Sato chegou à região no momento em que ganhava força o movimento ecológico, e os problemas para a manutenção da vida aquática local chamaram sua atenção. Como chefe da estação mantida pela Companhia de Desenvolvimento dos Vales do São Francisco e Parnaíba (Codevasf), ele desenvolveu, em mais de 25 anos de trabalho, diversos projetos de estudo de impacto ambiental, mortandade e repopulação dos peixes no lago.

Mesmo com os trabalhos desenvolvidos por Sato e outros ambientalistas, a degradação do ecossistema do reservatório continua preocupante. “O trecho que vai da nascente até Pirapora e inclui a barragem de Três Marias é o mais importante do vale.
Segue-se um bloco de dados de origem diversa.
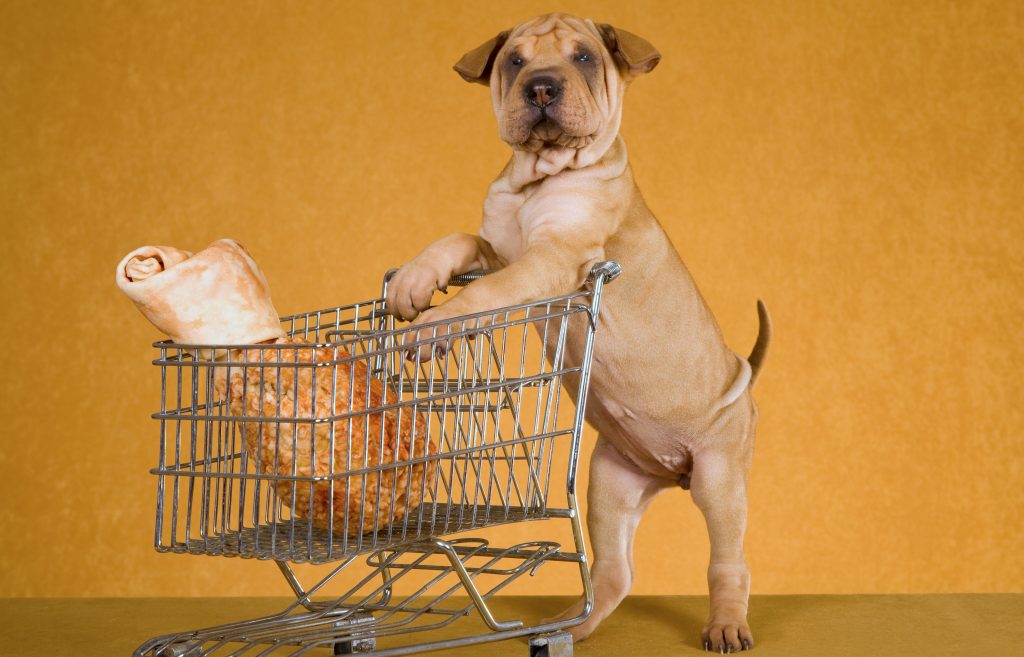 A Sharpei puppy is trying to cheat in step challenges by using a shopping cart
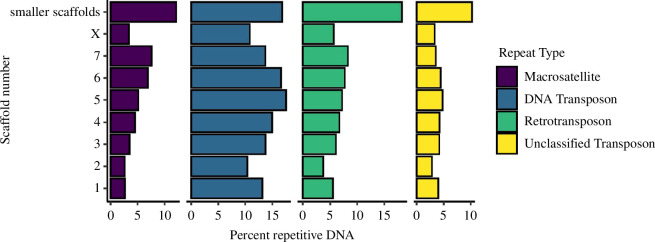 Distribution of repetitive elements.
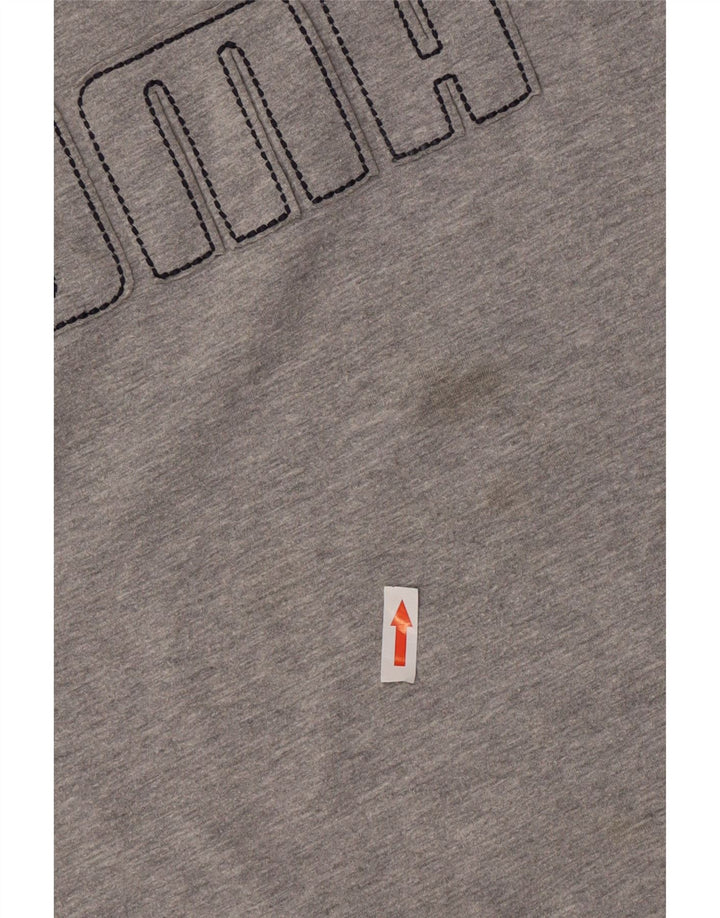 Puma Haut graphique à manches longues pour hommes, grand gris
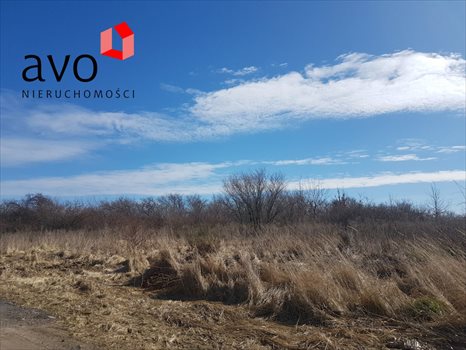 Działka inwestycyjna na sprzedaż Gdańsk, Lipce 3 792m2 Foto 4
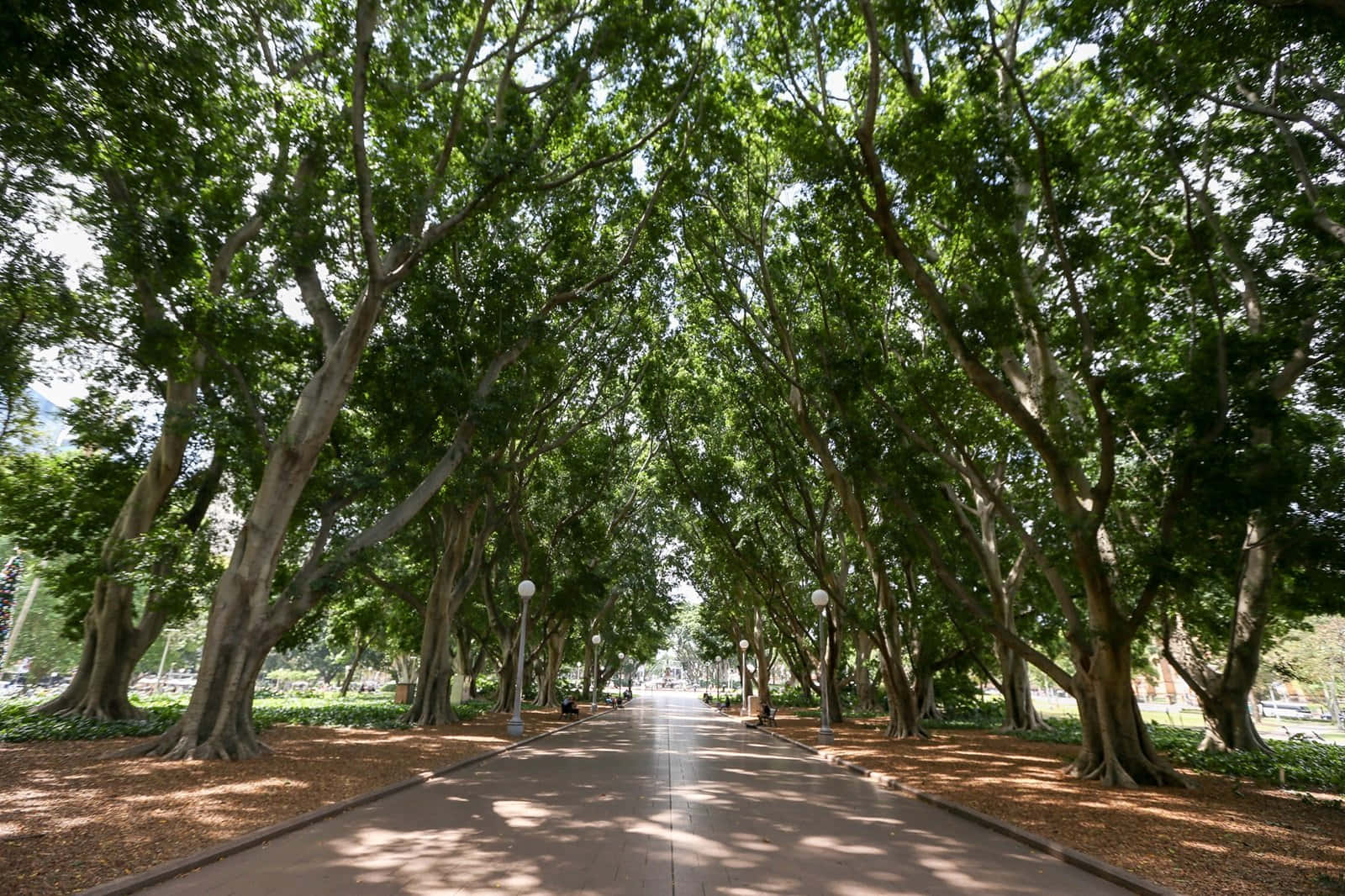 Hyde Park Sydney Tree Lined Pathway Wallpaper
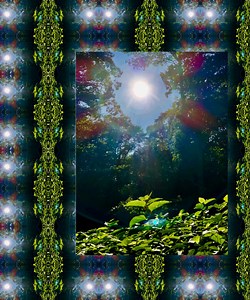 Sun God Concert & Tour History  | Concert Archives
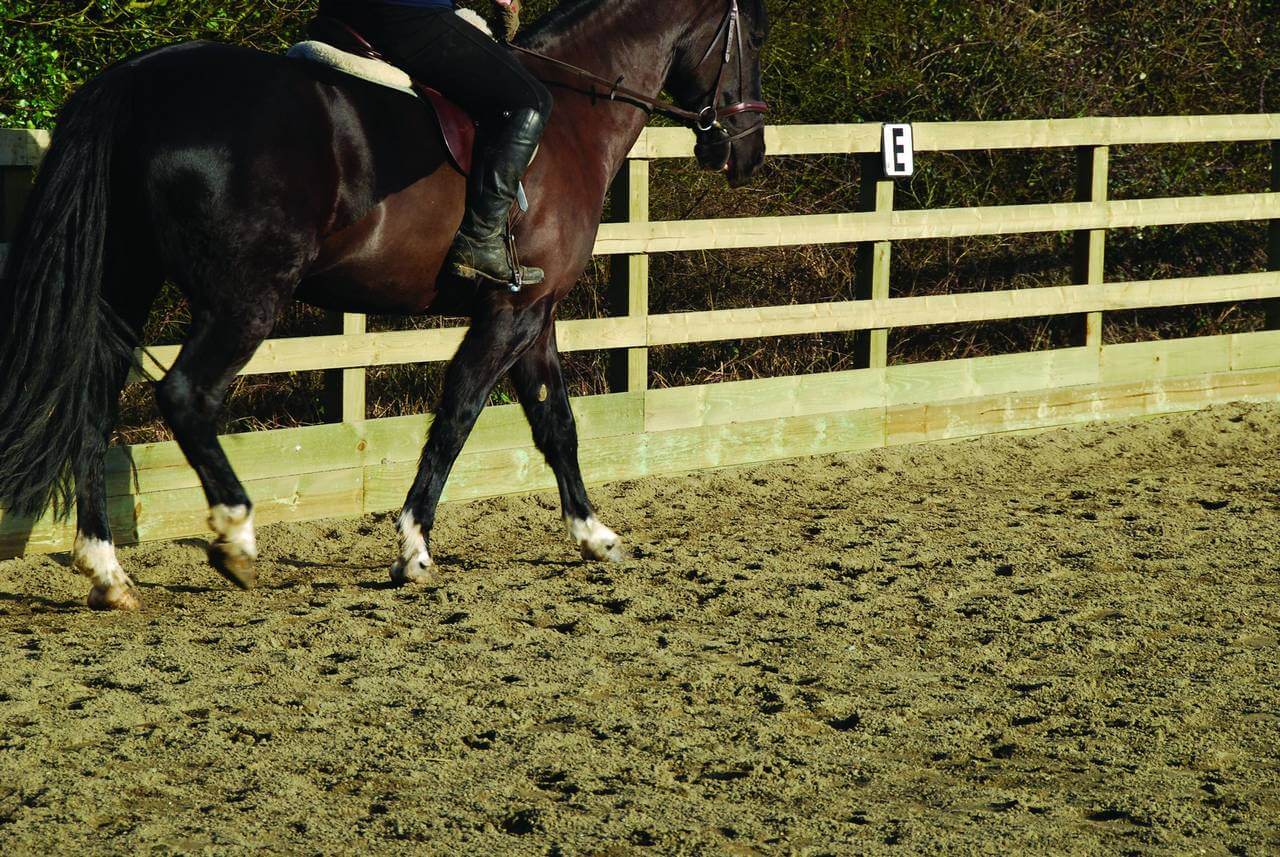 Equestrian timber fencing St. Ives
É o nascedouro e maior reduto de peixes do São Francisco, e a região que mais contribui com águas para o rio. Se isso não for preservado, nós vamos deixar pouca coisa para as gerações futuras”, explica.

professorsato.jpgUm desses problemas é a destruição das lagoas marginais, melhor lugar para reprodução dos peixes. Segundo dados da Codevasf, na região de Iguatama-MG, em 1982, existiam cerca de 80 lagoas, sendo 28 permanentes. Atualmente, o total não chega a 20. "Temos que recuperar estes berçários naturais. As lavouras de cana e pastagens estão dominando e acabando com as lagoas", afirma Sato.

Outro fator de desequilíbrio é a introdução de espécies exóticas ao rio. Entre elas estão o tucunaré e o bagre africano, predadores que não existiam na região e foram trazidos por pesque-pagues e, principalmente, por projetos do governo. Estes peixes se adaptaram bem na região e passaram a devorar filhotes e peixes nativos.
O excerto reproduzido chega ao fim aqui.